After winning the collegiate crown, Woodruff began his professional career.

Professional career
Woodruff won two singles titles during his career, and his first was also his biggest: The Canadian Open in 1997, an ATP Masters Series event. After winning that title he posted the highest ranking of his career: World No. 29 on August 25, 1997. He also won the 1999 Newport, Rhode Island event at the Tennis Hall of Fame.

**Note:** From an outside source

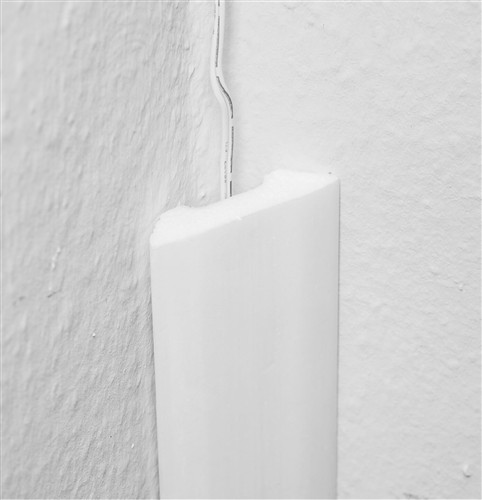 Nástěnná lišta polystyrenová L45, 45mm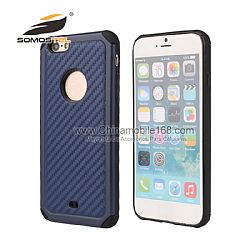 Anti-shock 2 In 1 TPU + PC Patterned painted  Cover Case for iPhone 7plus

He was named to the United States Davis Cup team in 2000, joining Andre Agassi after Pete Sampras and Todd Martin both were forced to drop out, and won his match against Wayne Black to help erase a 2–1 deficit and advance to the second round. He reached the quarterfinals at the Australian Open in the year 2000 before losing to Pete Sampras in straight sets.

Coaching career
In the summer of 2002, Woodruff returned to the University of Tennessee as a volunteer assistant coach. He served first as an assistant tennis coach before being promoted to associate head coach in 2006 when Sam Winterbotham was hired as head coach. Since Woodruff has been back at Tennessee, the Vols have had 18 All-America and 29 All-Southeastern Conference selections.

Tennessee has steadily improved their record and ranking since Woodruff and Winterbotham began coaching together. The Vols have won 178 dual matches in their first eight seasons and have ended the year ranked in the top 10 nationally five of those years. In 2010, the Vols won the Southeastern Conference regular season and tournament titles and also reached the NCAA Tennis Championship final for the third time in program history. The team finished with 31 victories, the second-most in a season in Tennessee history.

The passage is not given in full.